Full review appears on my blog http://thebookbrief.wordpress.com
“Life is short. Love is vast. Live like there’s no tomorrow.”
Audie Palmer is a fugitive. Having escaped from a Texas prison the day before he was due to be released for his part in an armored truck robbery ten years before, he’s wanted by an array of people. There’s the sheriff who caught and shot Audie at the crime scene ten years before. There’s special agent Desiree Furness of the FBI; a plucky, intelligent agent who has worked against prejudices to raise up the ranks. Then there’s Moss, Audie’s best friend in prison who is broken out himself a few days later, and told he must find Audie Palmer or die. Plus an array of side characters, some with wholesome motives and some not so much, all tangled up in a case “riddled with discordant notes like a child plinking the keys of a piano, making noise instead of music.”
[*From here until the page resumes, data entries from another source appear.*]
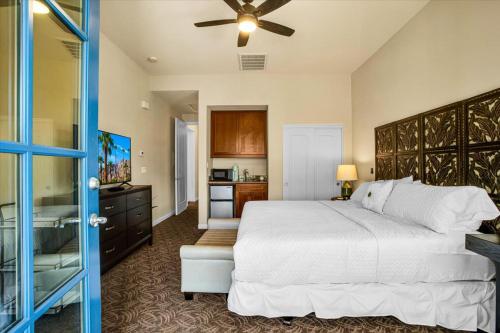 a bedroom with a large white bed and a kitchen at Relax & Recharge at this 2BR Desert Villa in La Quinta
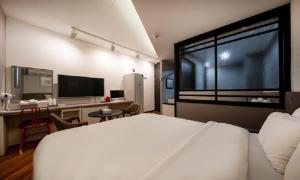 a bedroom with a bed and a desk and a large window at Iksan 4 Seasons Hotel in Iksan
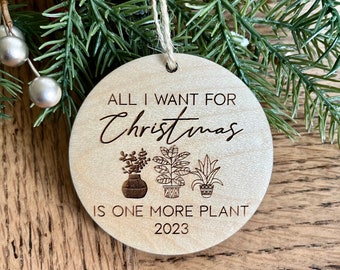 May include: A round wooden Christmas ornament with the text "All I want for Christmas is one more plant 2023". The ornament features three stylized potted plants.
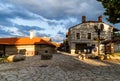 On the street of Bansko town with it`s authentic stone houses in Bulgarian ski resort in summer, Bulgaria.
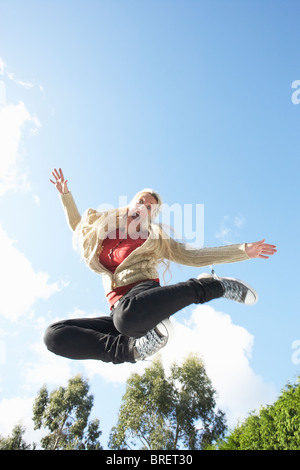 Junge Frau am Trampolin springen In der Luft gefangen Stockfoto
This book was amazing. I went into it expecting an easy-reading page turner, and it is that but it’s also so much more. The moment Audie breaks loose from prison a high-speed race across outback Texas breaks out - the characters are out to to find Audie, while the reader just wants to know the truth. Why did he break out a day before he was due to be released? Does he know where the missing $7 million from the robbery is? What’s his plan now? It’s a fast-paced, tense and emotional journey to find out.
The characters throughout the novel are brilliant. I couldn’t help but root for Audie and Moss, even though they are supposed to have committed terrible crimes. Audie is so unique; “the joker in the pack”. He handles prison attacks which would break most men with ease, focusing solely on his own motivations and letting everything else go over his head. Some believe he’s damaged from the gunshot to his head years before, but there’s more to him than that and as the story progresses the driving force behind his actions is gradually revealed in a series of flashbacks. There’s a depth of emotion here which you don’t find in many books in this genre, and it made me fall in love with the characters and the book. It definitely had me welling up on more than one occasion.
The setting is also superb - the world of Texas feels very immersive and realistic, especially considering the writer is from Australia. He picked a clever setting for a gritty crime novel, and he executed it well. Whilst I’ve never visited Texas myself, it feels like he’s done his research. But this isn’t really surprising - the writing throughout is intelligent and elegant. It’s a beautiful novel to read, despite dark subject matters.
I haven’t read any books by this author before, but I’m definitely not going to make this my last. It felt to me like a bit of a mix of Dennis Lehane, Stephen King and maybe Lee Child. But this author definitely has a talent all of his own. A tragic love story and gritty noir thriller are perfectly combined against the backdrop of Texas and it’s got to be one of my favourite novels I’ve read this year. I’d recommend it to anyone - whether you like thrillers or not.